What needs to be done => Your job with the data below: print everything from the line that holds "Thumbnail for Navy" down to the line that holds "[정품/L] 아디다스 화이트 후드 바람막이 자켓 b14 상품이미지2", ends included, exactly, and nothing else.

Data for this task =>
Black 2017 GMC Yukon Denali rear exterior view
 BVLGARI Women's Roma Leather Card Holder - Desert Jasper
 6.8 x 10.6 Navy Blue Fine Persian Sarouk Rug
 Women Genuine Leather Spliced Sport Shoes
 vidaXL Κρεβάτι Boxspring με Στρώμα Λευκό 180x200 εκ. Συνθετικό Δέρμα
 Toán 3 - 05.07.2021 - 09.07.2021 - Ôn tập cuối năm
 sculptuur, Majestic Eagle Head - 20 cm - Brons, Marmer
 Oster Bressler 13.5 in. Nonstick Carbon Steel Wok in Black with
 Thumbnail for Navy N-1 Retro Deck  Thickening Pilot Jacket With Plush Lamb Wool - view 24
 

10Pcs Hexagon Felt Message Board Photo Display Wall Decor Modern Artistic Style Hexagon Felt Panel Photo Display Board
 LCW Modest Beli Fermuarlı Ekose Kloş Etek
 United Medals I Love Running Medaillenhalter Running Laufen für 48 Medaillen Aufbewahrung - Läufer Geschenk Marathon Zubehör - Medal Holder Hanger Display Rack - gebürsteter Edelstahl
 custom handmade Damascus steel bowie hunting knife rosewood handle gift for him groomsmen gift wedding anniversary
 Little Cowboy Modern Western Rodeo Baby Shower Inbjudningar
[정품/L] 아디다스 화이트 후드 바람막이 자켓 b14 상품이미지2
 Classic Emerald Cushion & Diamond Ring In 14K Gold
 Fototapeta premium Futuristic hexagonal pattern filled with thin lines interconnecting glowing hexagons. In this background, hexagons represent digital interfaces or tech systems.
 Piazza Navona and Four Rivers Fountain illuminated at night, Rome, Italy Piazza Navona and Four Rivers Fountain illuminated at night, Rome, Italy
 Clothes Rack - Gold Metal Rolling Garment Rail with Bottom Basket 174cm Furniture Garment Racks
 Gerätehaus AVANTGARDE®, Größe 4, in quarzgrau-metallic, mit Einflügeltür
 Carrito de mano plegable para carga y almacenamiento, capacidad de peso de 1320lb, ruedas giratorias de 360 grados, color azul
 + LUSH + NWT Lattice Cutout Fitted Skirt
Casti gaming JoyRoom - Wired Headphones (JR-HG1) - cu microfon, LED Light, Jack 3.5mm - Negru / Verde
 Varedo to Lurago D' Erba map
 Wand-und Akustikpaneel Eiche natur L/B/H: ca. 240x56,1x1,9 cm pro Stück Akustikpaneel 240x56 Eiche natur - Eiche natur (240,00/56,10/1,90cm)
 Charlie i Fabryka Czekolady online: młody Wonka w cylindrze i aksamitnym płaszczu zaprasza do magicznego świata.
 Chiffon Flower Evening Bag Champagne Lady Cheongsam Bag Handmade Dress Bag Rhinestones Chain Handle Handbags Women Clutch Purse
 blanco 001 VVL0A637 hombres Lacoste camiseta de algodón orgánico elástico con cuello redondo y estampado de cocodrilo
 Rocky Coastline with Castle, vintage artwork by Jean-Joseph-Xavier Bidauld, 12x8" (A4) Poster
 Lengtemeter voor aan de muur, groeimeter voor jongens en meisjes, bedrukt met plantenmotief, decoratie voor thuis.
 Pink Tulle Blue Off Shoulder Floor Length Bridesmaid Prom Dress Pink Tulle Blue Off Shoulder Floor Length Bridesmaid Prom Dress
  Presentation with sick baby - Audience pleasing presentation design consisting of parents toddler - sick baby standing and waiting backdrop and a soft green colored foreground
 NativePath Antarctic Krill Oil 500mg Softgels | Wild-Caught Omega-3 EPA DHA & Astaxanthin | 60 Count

Answer box =>
 Thumbnail for Navy N-1 Retro Deck  Thickening Pilot Jacket With Plush Lamb Wool - view 24
 

10Pcs Hexagon Felt Message Board Photo Display Wall Decor Modern Artistic Style Hexagon Felt Panel Photo Display Board
 LCW Modest Beli Fermuarlı Ekose Kloş Etek
 United Medals I Love Running Medaillenhalter Running Laufen für 48 Medaillen Aufbewahrung - Läufer Geschenk Marathon Zubehör - Medal Holder Hanger Display Rack - gebürsteter Edelstahl
 custom handmade Damascus steel bowie hunting knife rosewood handle gift for him groomsmen gift wedding anniversary
 Little Cowboy Modern Western Rodeo Baby Shower Inbjudningar
[정품/L] 아디다스 화이트 후드 바람막이 자켓 b14 상품이미지2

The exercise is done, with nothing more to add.